** SUPPLIED DATA follows **

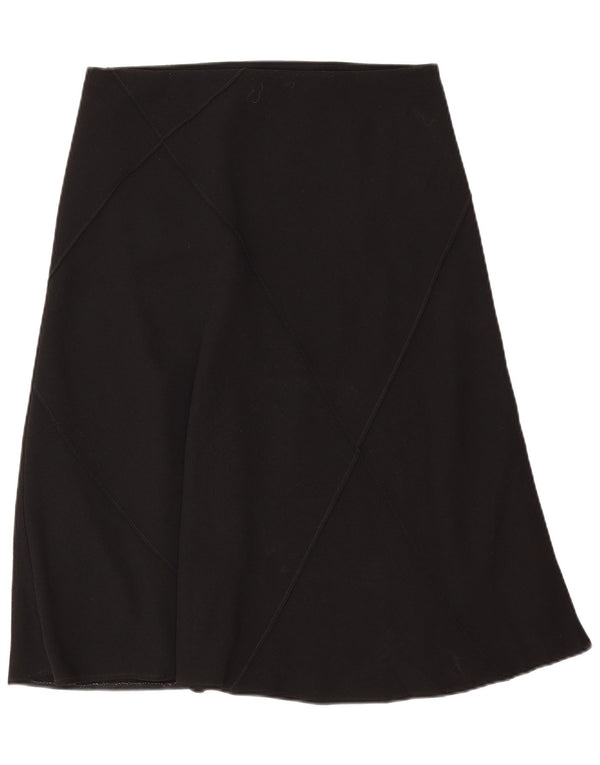 Marks & Spencer Γυναικεία φούστα A-Line UK 14 Large W32 Μαύρο Πολυεστέρας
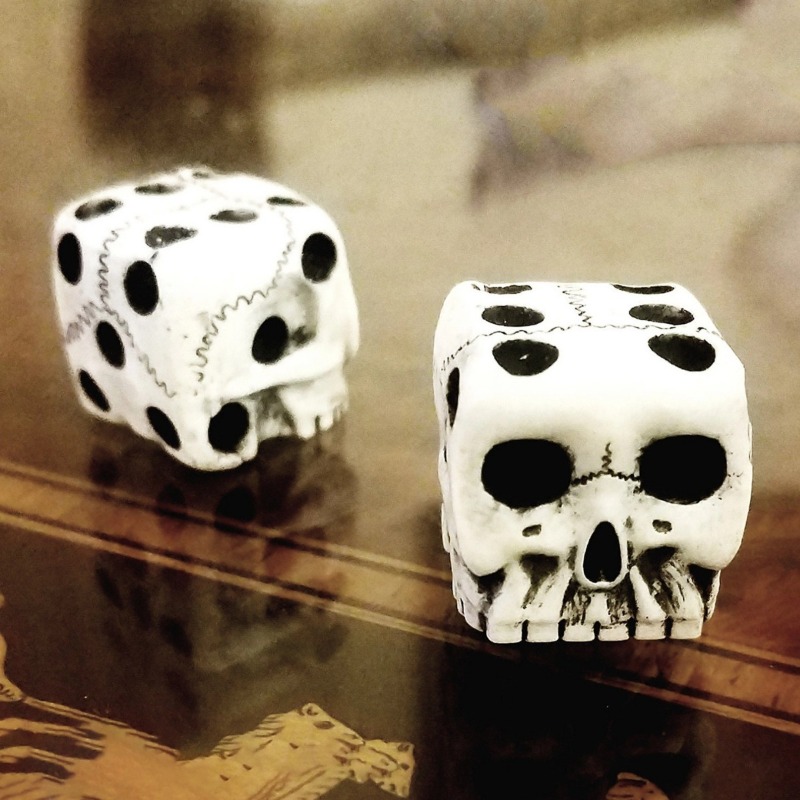 5/10pcs Skeleton Dice Magic Sc - Party Games No Props 评论和价格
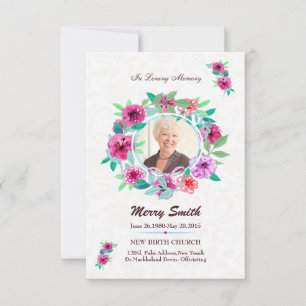 Tarjeta de oración funeraria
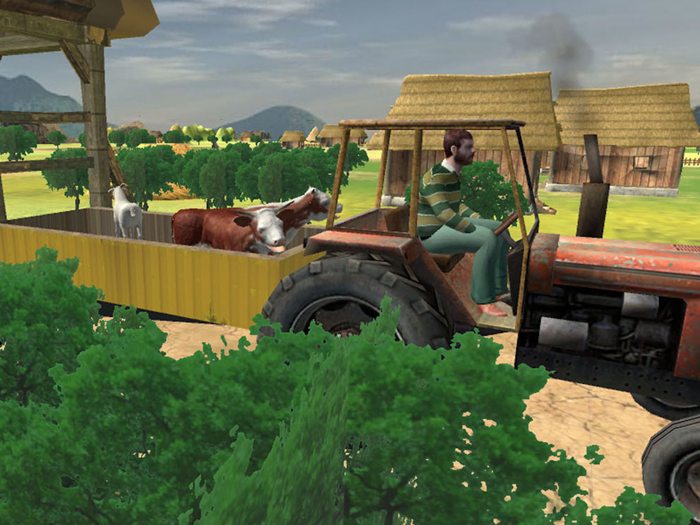 Farm Village Tractor - 3d simulator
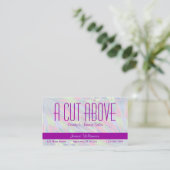 Paarse Pearl Beauty Salon Visitekaartje (Staand voorkant)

** End of SUPPLIED DATA **

• **EXERCISE REQUIREMENTS**:
Set down the entries above exactly, and keep every picture out of your copy.

• **OUTPUT OF THE TASK**:
 Marks & Spencer Γυναικεία φούστα A-Line UK 14 Large W32 Μαύρο Πολυεστέρας
 5/10pcs Skeleton Dice Magic Sc - Party Games No Props 评论和价格
 Tarjeta de oración funeraria
 Farm Village Tractor - 3d simulator
 Paarse Pearl Beauty Salon Visitekaartje (Staand voorkant)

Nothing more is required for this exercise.